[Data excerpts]
*** Begin section ***

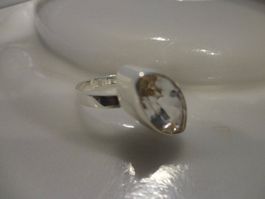 Ring - Topas weiss 925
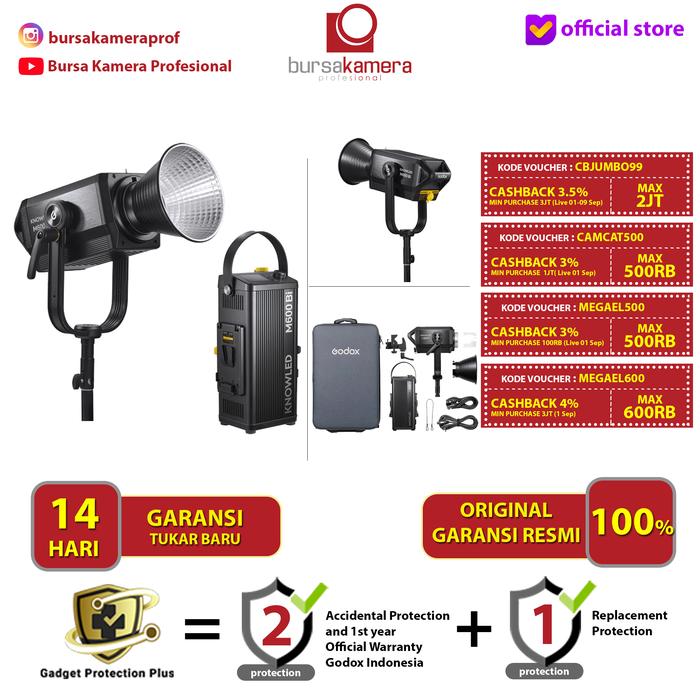 Gambar Godox Knowled M600Bi Bi-Color Video LED Light M600 Bi / M 600 Bi RESMI - Unit Only dari Bursa Kamera Profesional undefined Tokopedia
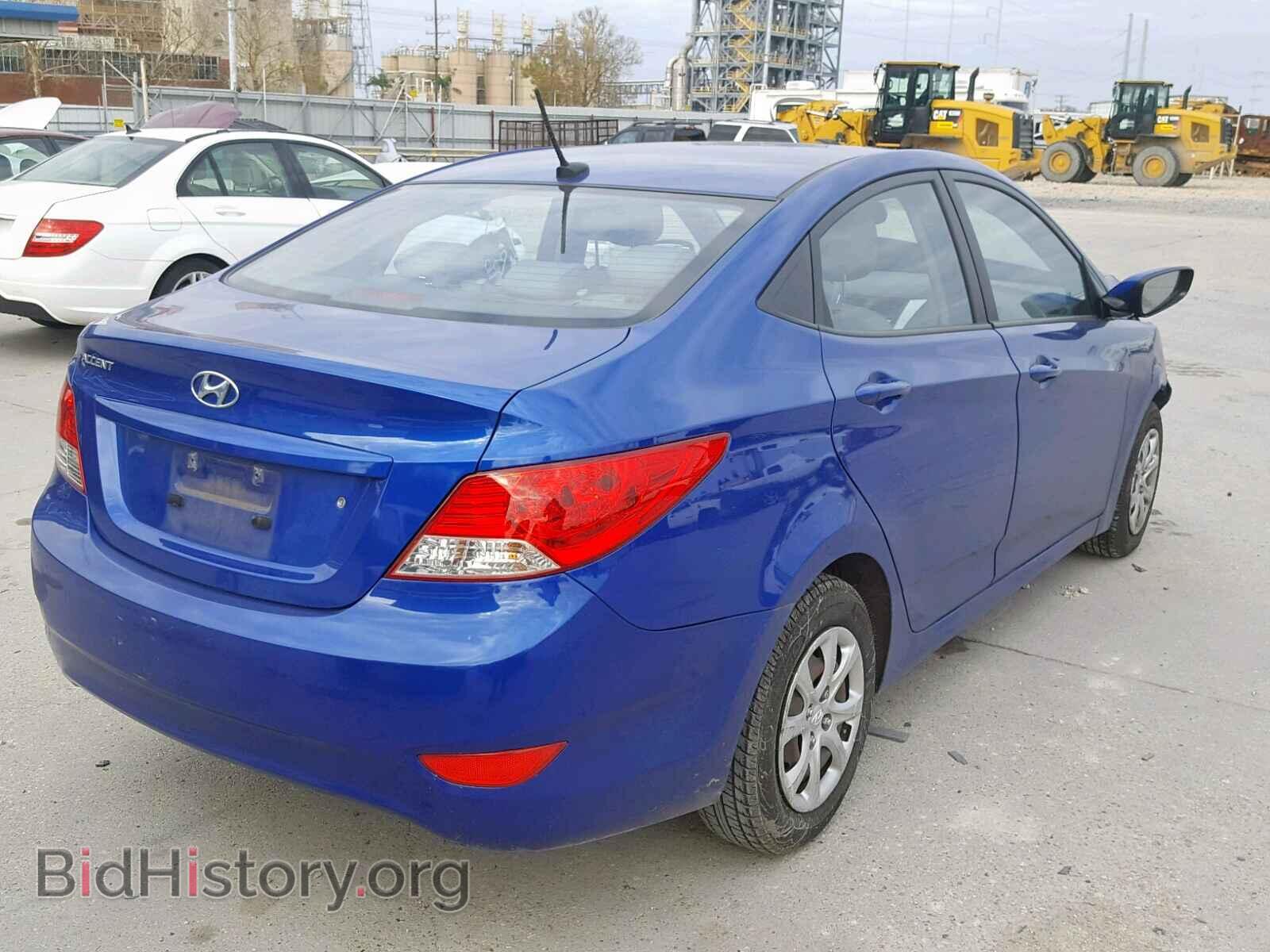 2013 HYUNDAI ACCENT - VIN: KMHCT4AE8DU289886 - Фото 4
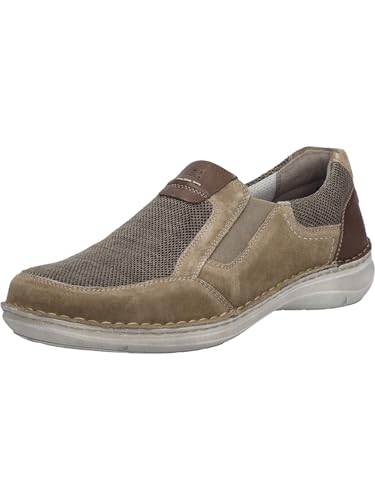 Josef Seibel Herren Slipper New Anvers 78,Weite K (Extra weit),Wechselfußbett,Halbschuhe,Slides,Schlupfschuhe,Loafer,Sand-Kombi,47 EU von Josef Seibel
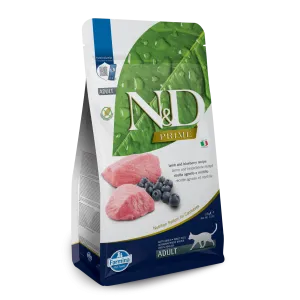 Farmina N&D Prime Grain Free Lamb & Blueberry Adult Dry Cat Food
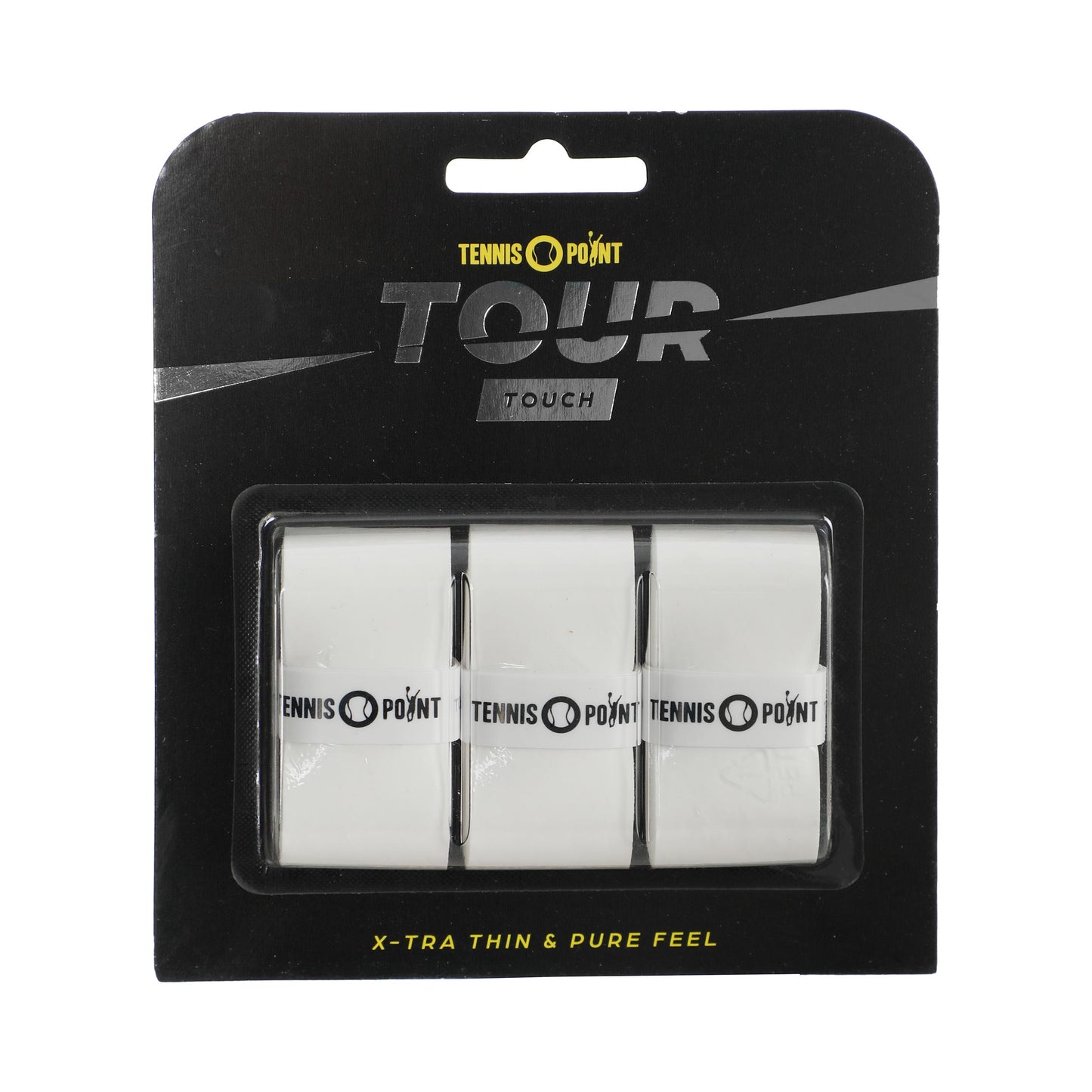 Tennis-Point Tour Touch  Pack de 3 - blanco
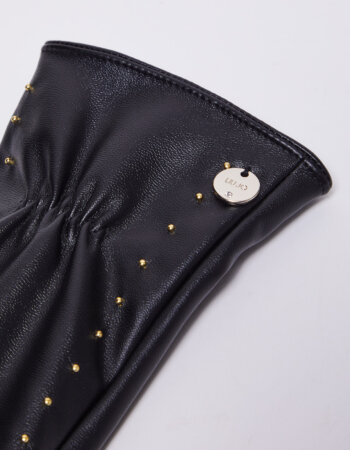 LIU JO-GUANTO BASIC CON BORCHIE-LJ2F3155E0003 NERO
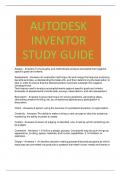 AUTODESK INVENTOR STUDY GUIDE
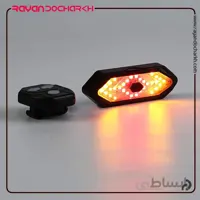 چراغ خطر شارژی دوچرخه راهنما دار بیسیم LED FY-1820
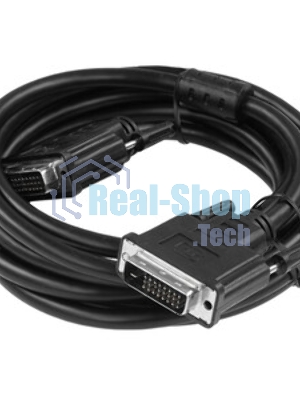 Кабель DVI-D dual link Cablexpert CC-DVI2L-BK-10, 25M/25M, 3.0м, CCS, черный, экран, феррит.кольца, пакет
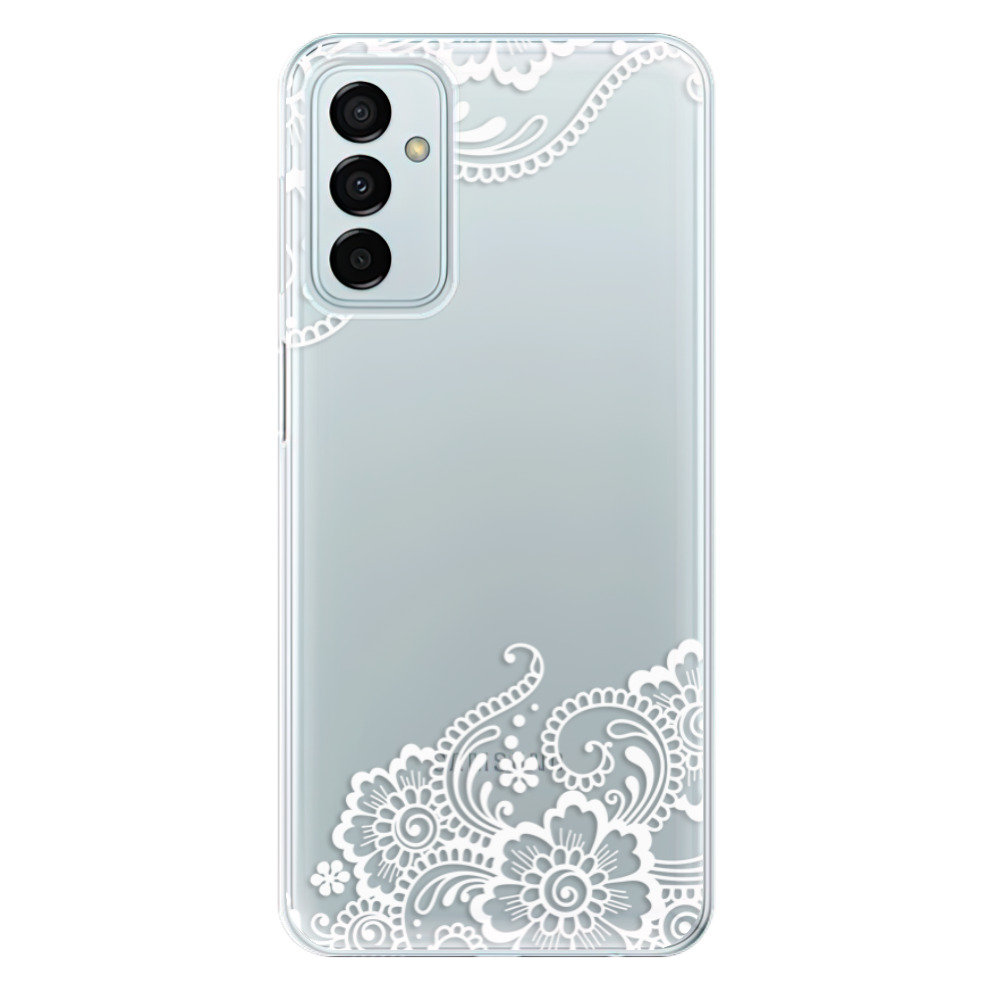 Odolné silikónové puzdro iSaprio - White Lace 02 - Samsung Galaxy M23 5G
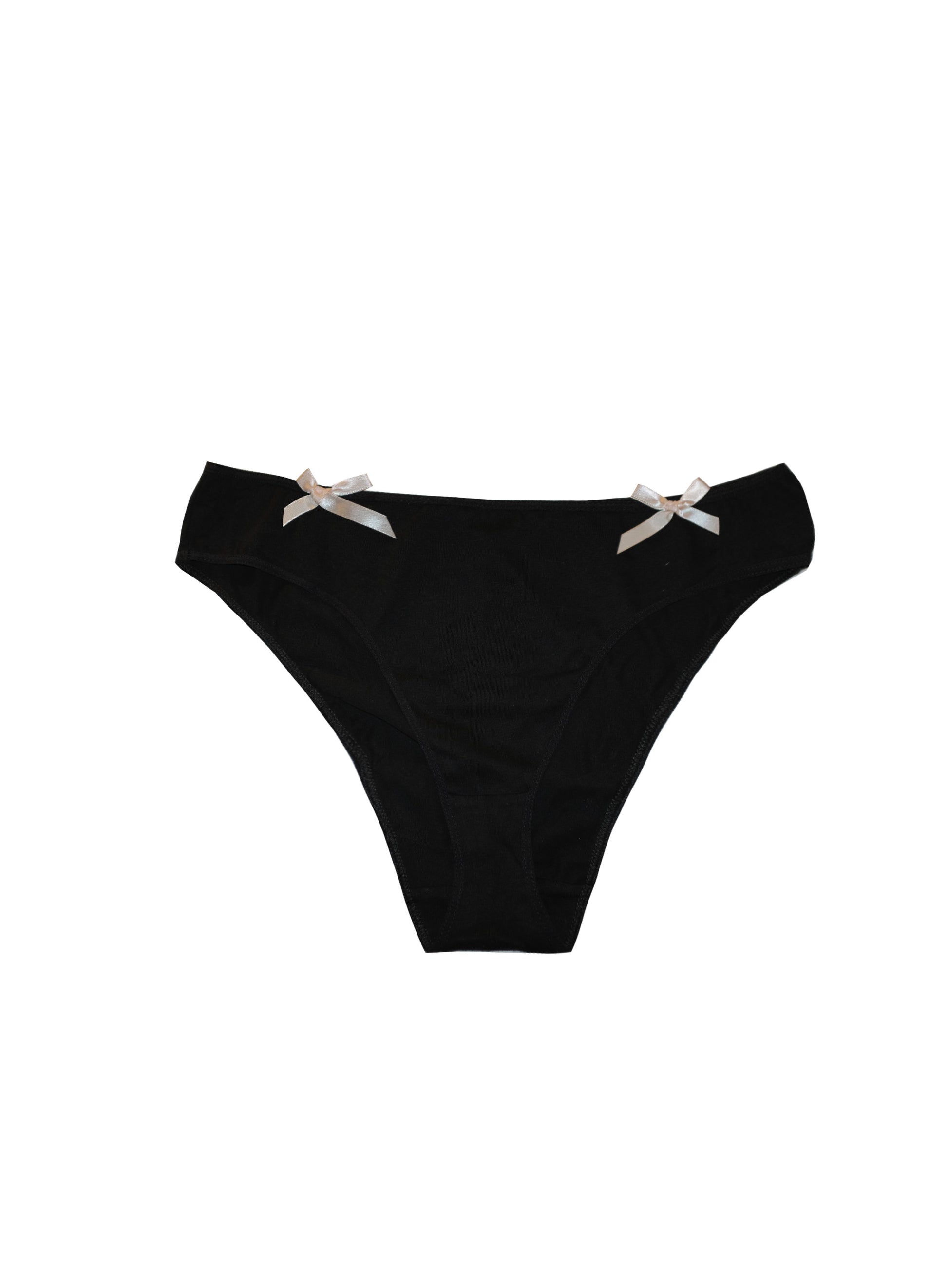 Black cotton top & knickers set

*** End section ***

[INSTRUCTIONS FOR THE TASK]
Produce an exact copy of the lines from the line containing "Farmina N&D Prime" through the last line of the records, with no pictures and no other text.

[THE COMPLETED TASK]
 Farmina N&D Prime Grain Free Lamb & Blueberry Adult Dry Cat Food
 Tennis-Point Tour Touch  Pack de 3 - blanco
 LIU JO-GUANTO BASIC CON BORCHIE-LJ2F3155E0003 NERO
 AUTODESK INVENTOR STUDY GUIDE
 چراغ خطر شارژی دوچرخه راهنما دار بیسیم LED FY-1820
 Кабель DVI-D dual link Cablexpert CC-DVI2L-BK-10, 25M/25M, 3.0м, CCS, черный, экран, феррит.кольца, пакет
 Odolné silikónové puzdro iSaprio - White Lace 02 - Samsung Galaxy M23 5G
 Black cotton top & knickers set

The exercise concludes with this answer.